I LOVED the thing before they forced this update on me. I hate the pos noe, and I gotta go post another help forum on that AT&T forum website you guys linked me to. Gosh it's such a pain in the ass.


----------



## biffzinker (May 24, 2017)

Rehmanpa said:


> I LOVED the thing before they forced this update on me. I hate the pos noe, and I gotta go post another help forum on that AT&T forum website you guys linked me to. Gosh it's such a pain in the ass.
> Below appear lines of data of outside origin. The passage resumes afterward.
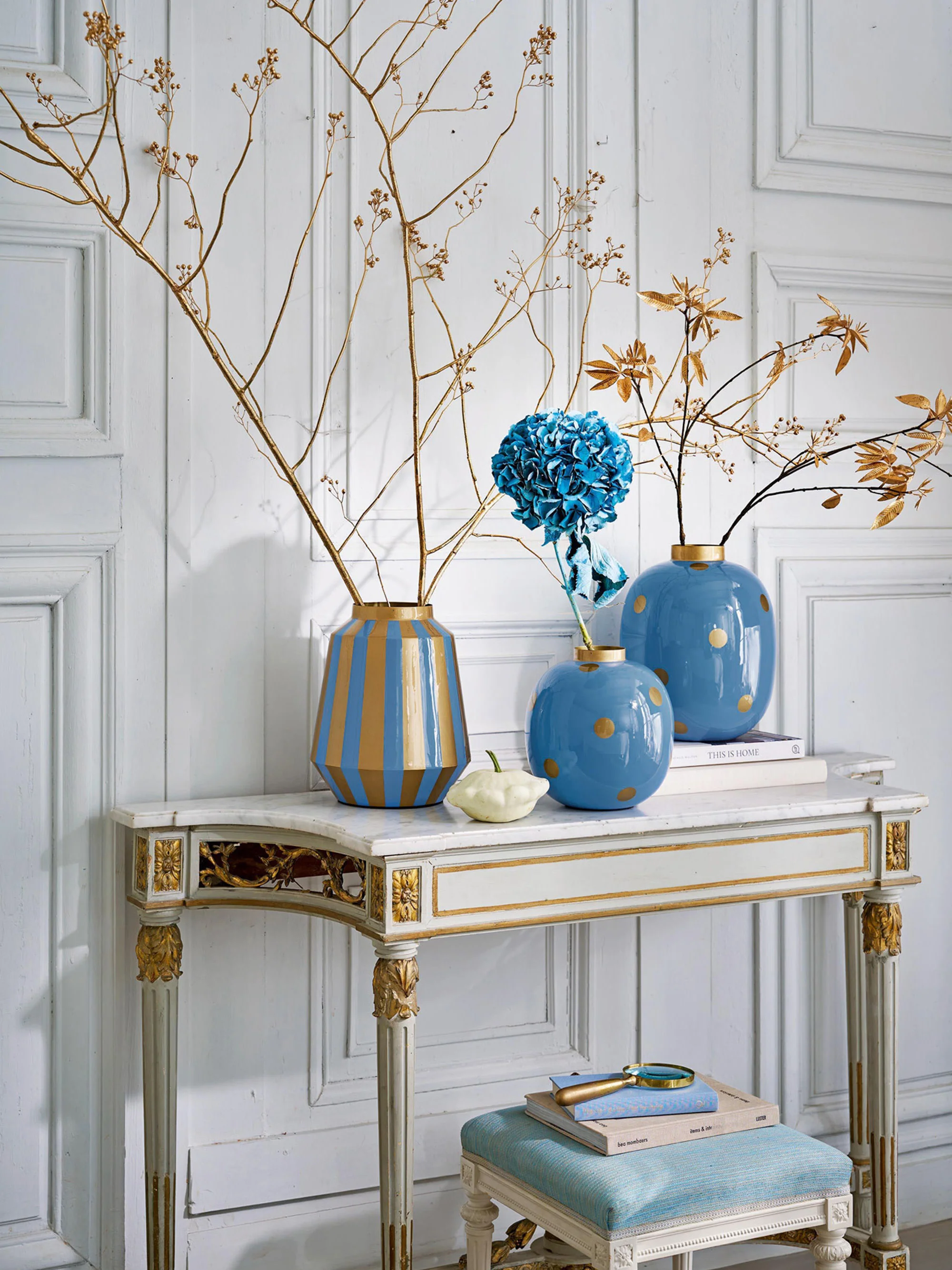 Handgefertigte Vase Dots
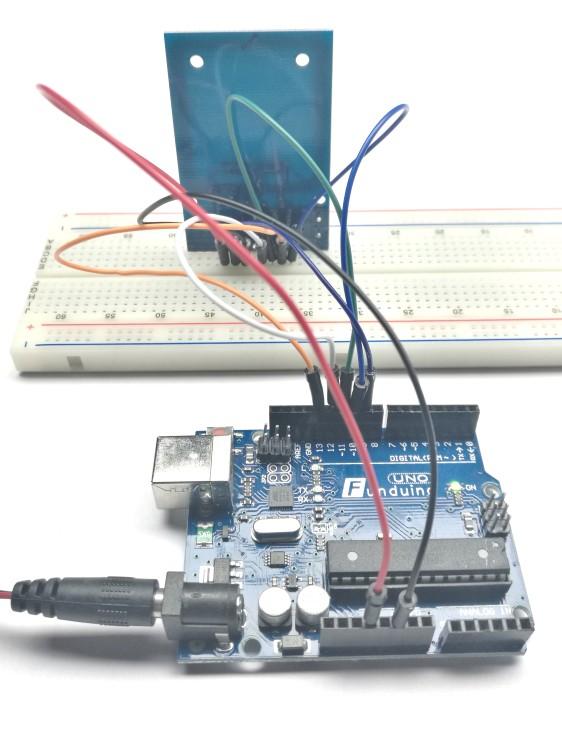 Einen RFID-TAG mit Arduino auslesen und die Daten verarbeiten Verkabelung des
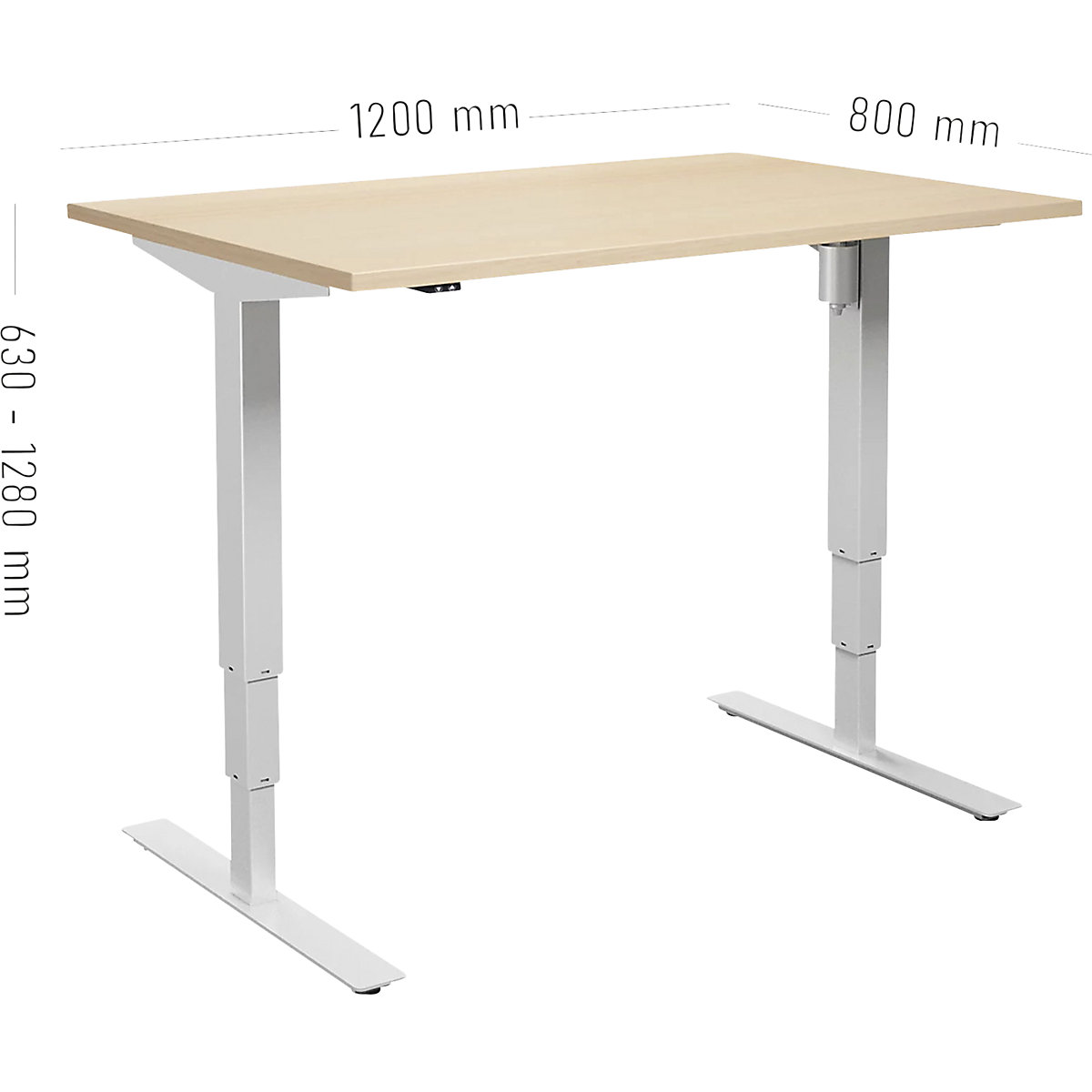 Birou Atlanta, înălțime reglabilă electric (Imagine produs 2)-1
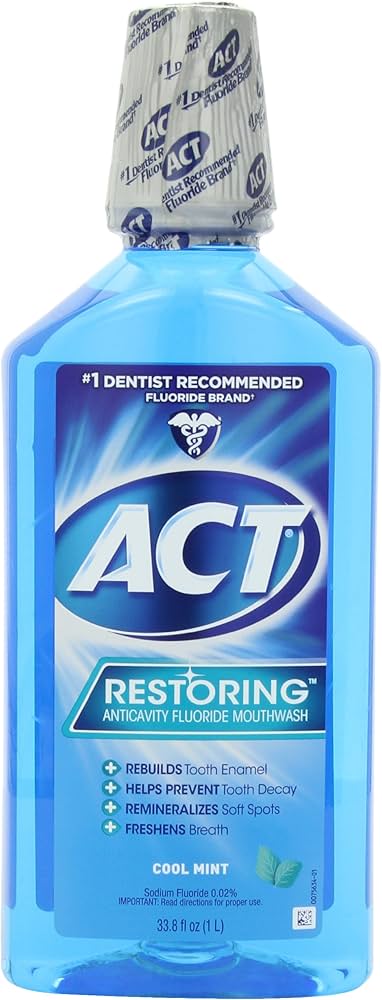 Act Restoring Mouthwash Cool Mint - 33.8oz/6pk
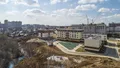 Вид со стороны речки Нахабинки. Аэрофотосъемка от 11.04.2019.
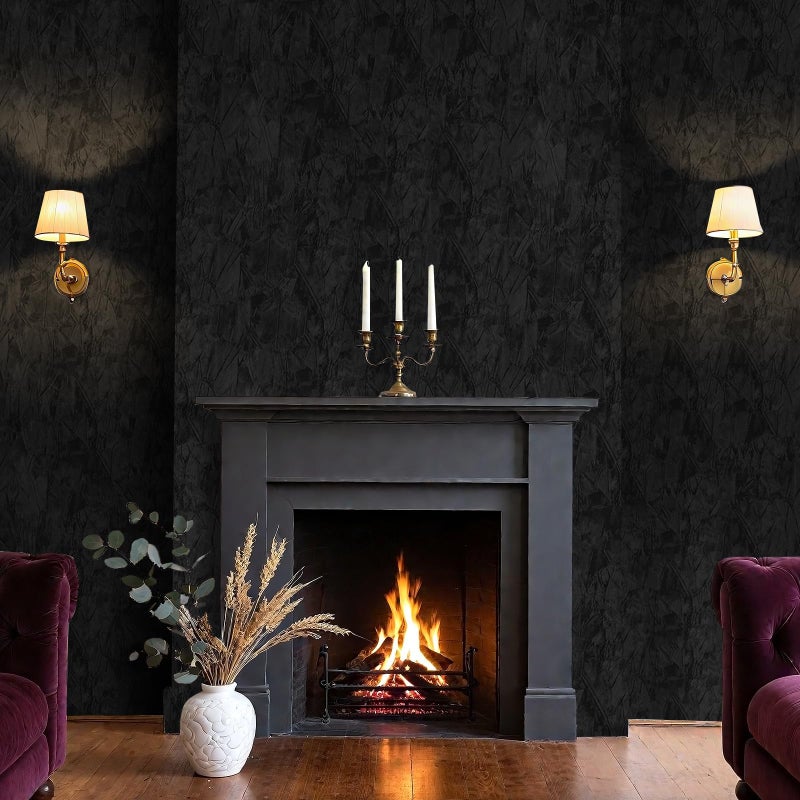 HelloWall Self Adhesive Velvet Wallpaper Black Soft Velvet Fabric Wallpaper 17.7"x80" Wrinkled Textured Felt Fabric Wall Paper Peel and Stick Black Flocking Liner Paper for Drawer Jewelry Removable - Image 5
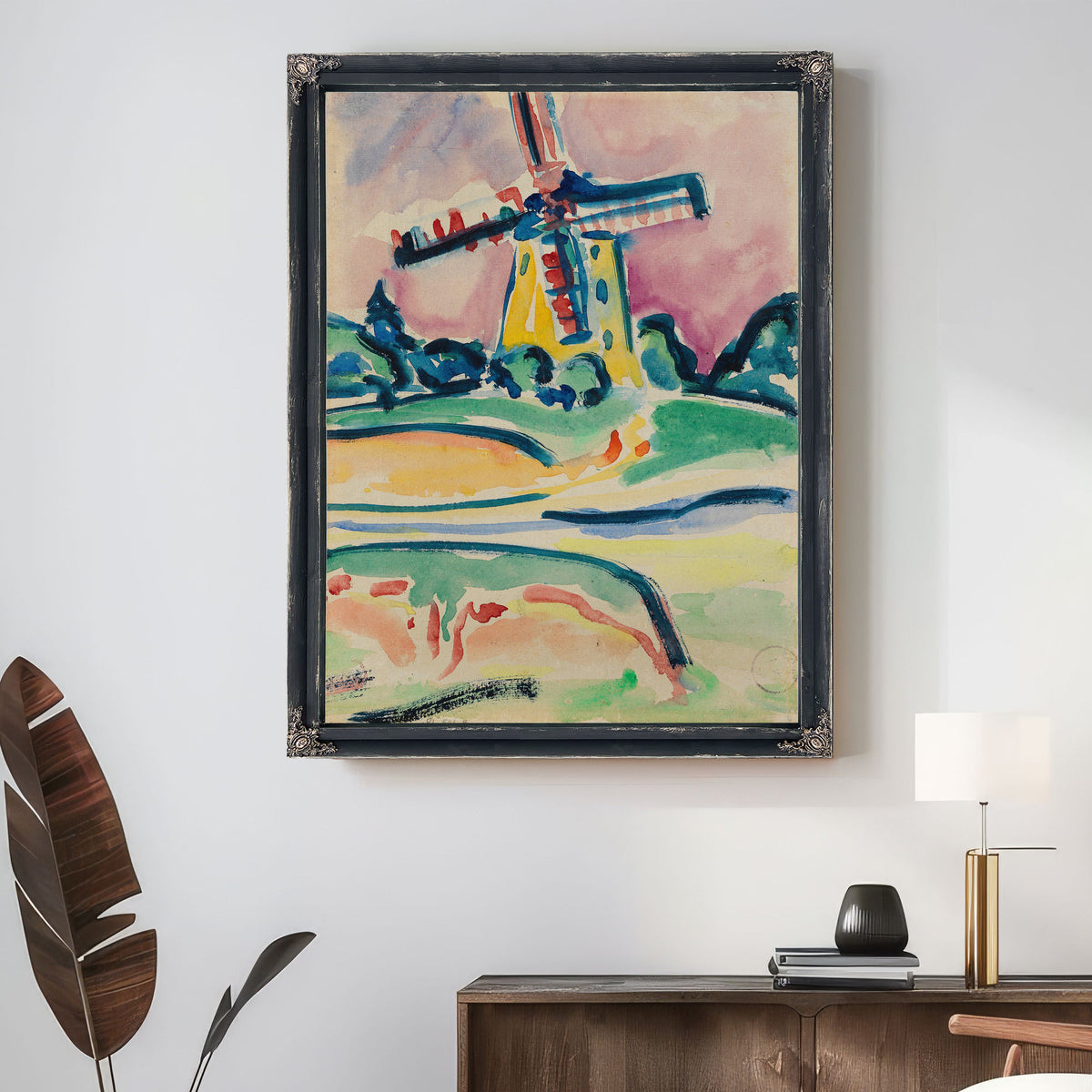 Windmuhle Eine Windmuhle Auf Fehmarn By Ernst Ludwig Kirchner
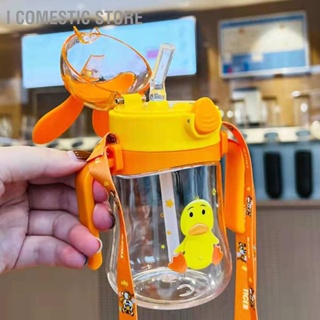 I Comestic Store Children Straw Cup Cute Portable Cartoon Pattern Water Birthday Gift for Travel 350ml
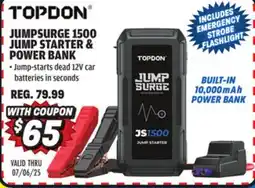 Big 5 TOPDON USA JumpSurge 1500 Jump Starter and Power Bank offer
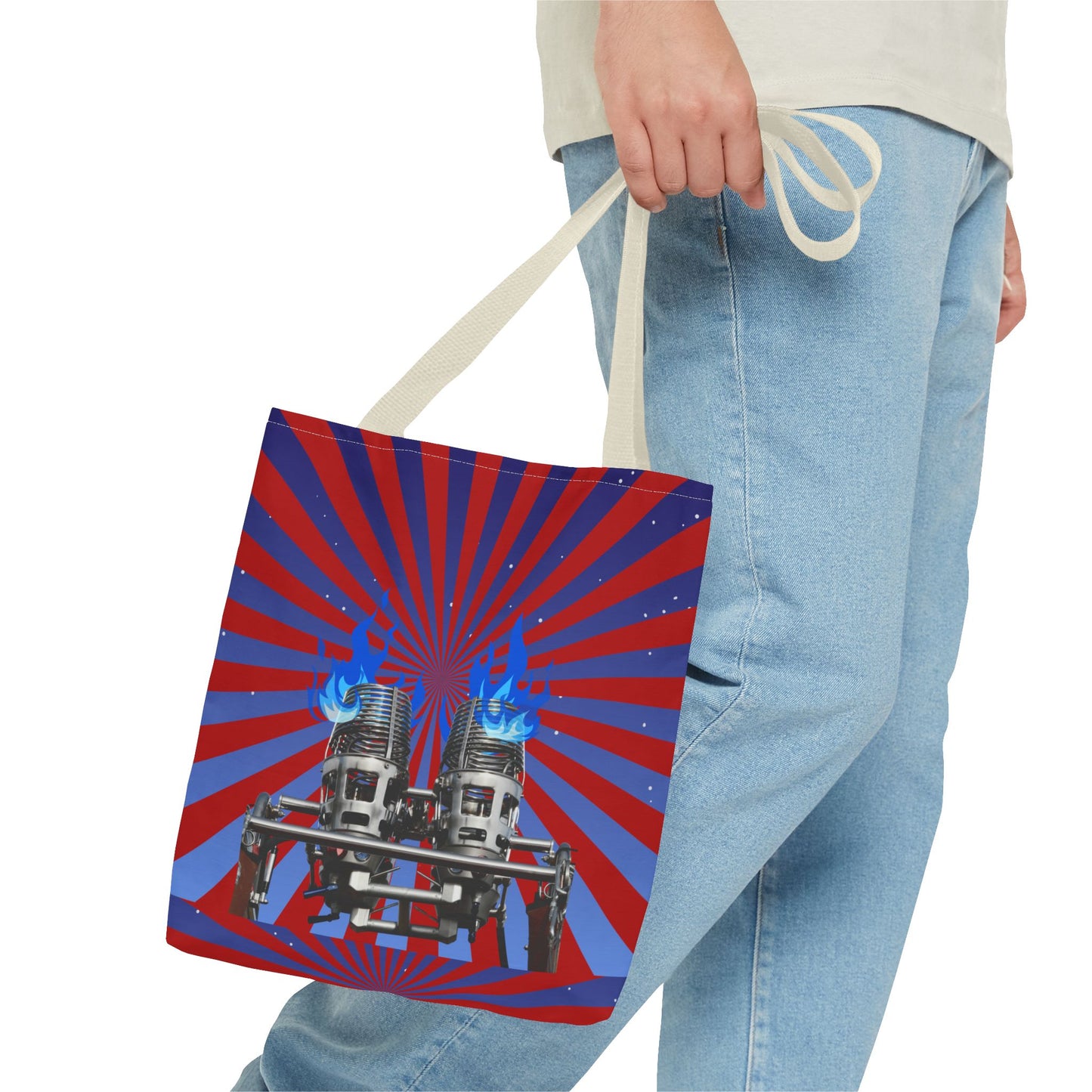 Burner Burst Tote Bag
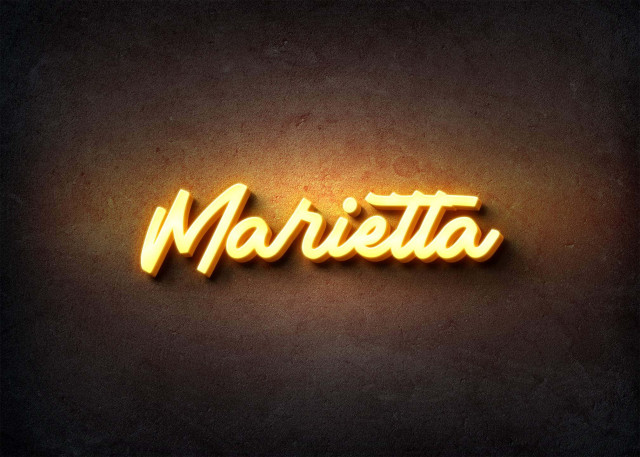 Free photo of Glow Name Profile Picture for Marietta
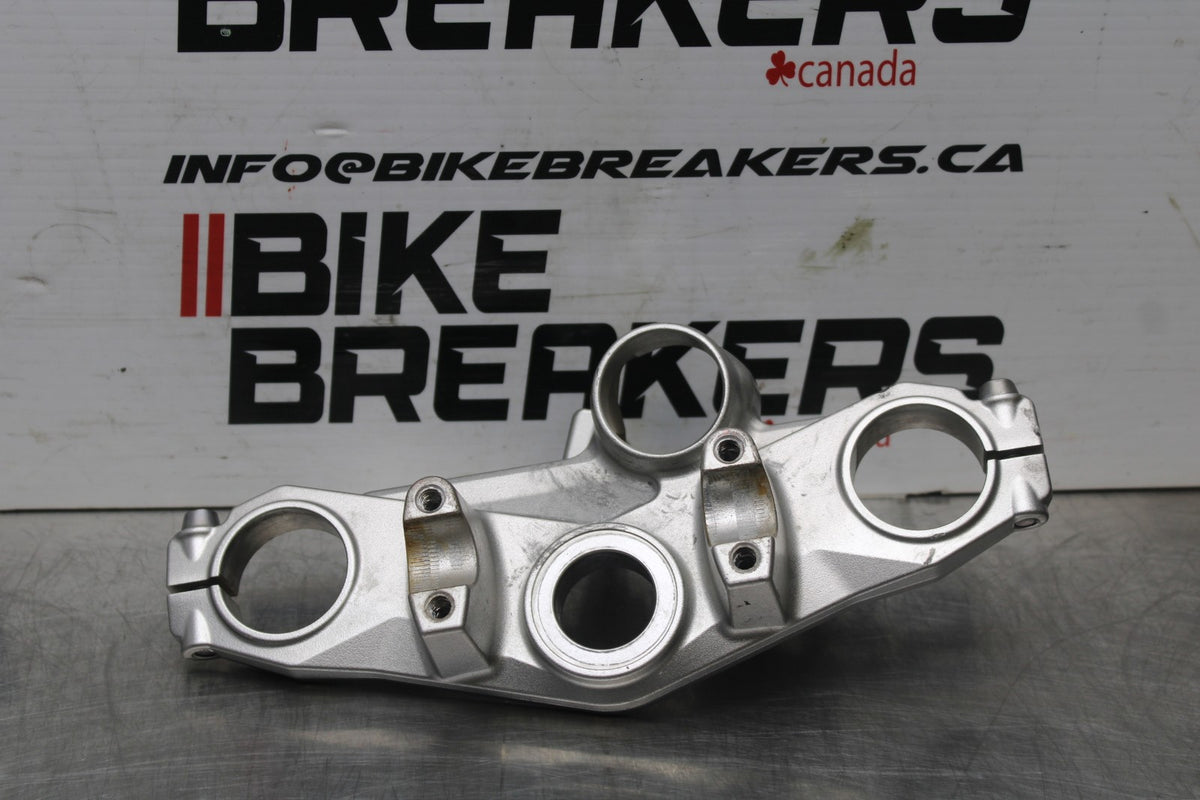 07 KAWASAKI NINJA 650 EX650 FORKS UPPER TRIPLE TREE CLAMP BB844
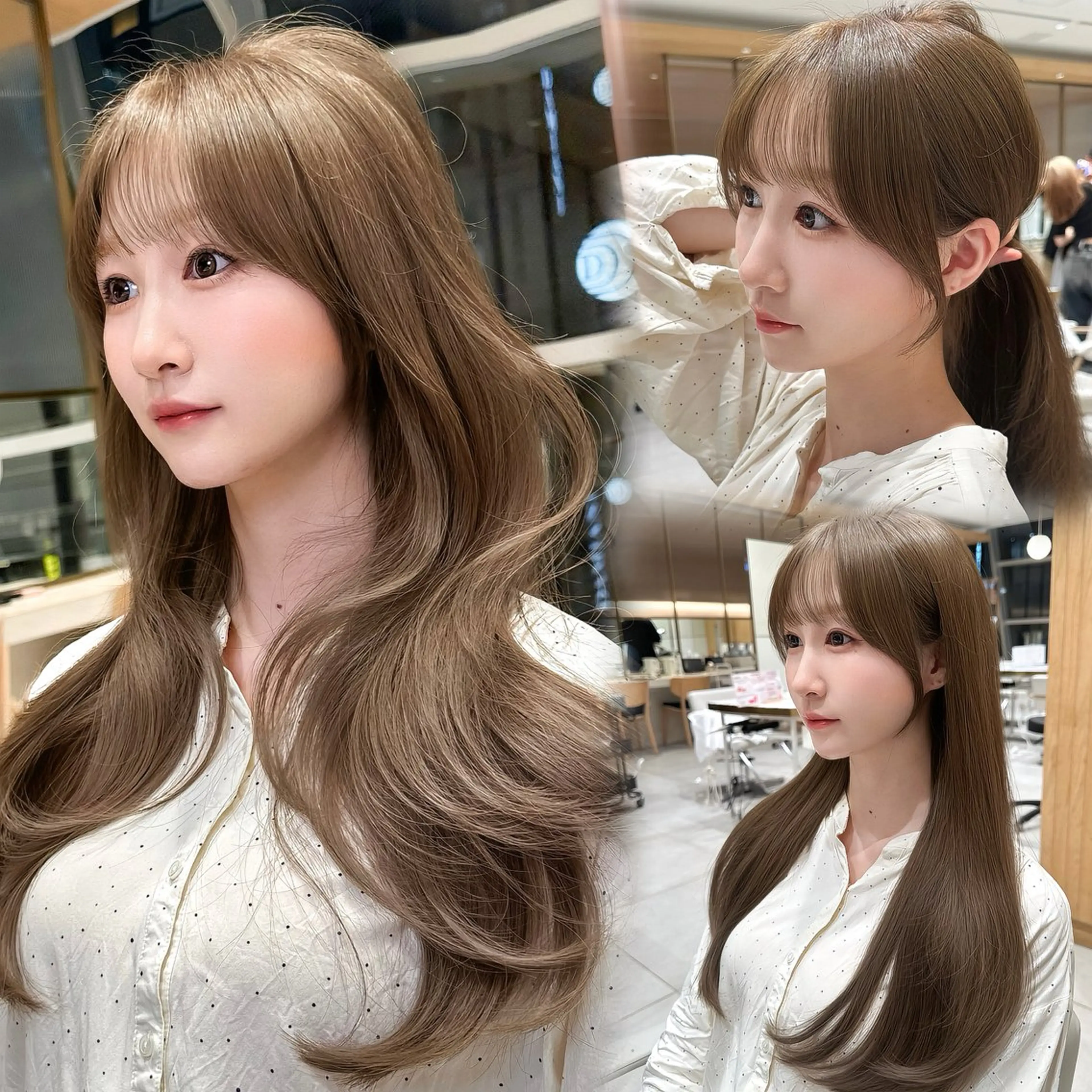 セミロング カラー カット ヘアカラー トリートメント 🇰🇷韓国風くびれ ヘア🇰🇷中村優大のヘアスタイル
I've had the same happen to me in past with a certain LG phone, and Android update pushed downstream. Got the hang of ADB as a result of flashing different ROMS, settled on CyanogenMOD at the time.


----------



## OneMoar (May 26, 2017)

can't be done samsung are shit


----------



## Rehmanpa (May 26, 2017)

OneMoar said:


> can't be done


Wait it can't??


----------



## OneMoar (May 26, 2017)

nope no root no down grades video is full of shit
if you upgrade to the latest bootloader you are done

there is no root for samsung anything on marshmellow and higher not without a unlocked bootloader anyway

with US carriers when you upgrade it blows a qfuse in the SOC preventing downgrade of the SBL bootloader and since everything from recovery to /system is cryptographicly signed at the block-device(dm-verity) level that means no downgrade no permanent root no exceptions


----------



## Rehmanpa (May 26, 2017)

OneMoar said:


> with US carriers when you upgrade it blows a qfuse in the SOC preventing downgrade of the SBL bootloader and since everything from recovery to /system is cryptographicly signed at the block-device(dm-verity) level that means no downgrade no permanent root no exceptions


Wtf. Is that only on samsung devices? That's really fucked up and I am never buying a samsung phone again.


----------



## OneMoar (May 26, 2017)

Rehmanpa said:


> Wtf. Is that only on samsung devices? That's really fucked up and I am never buying a samsung phone again.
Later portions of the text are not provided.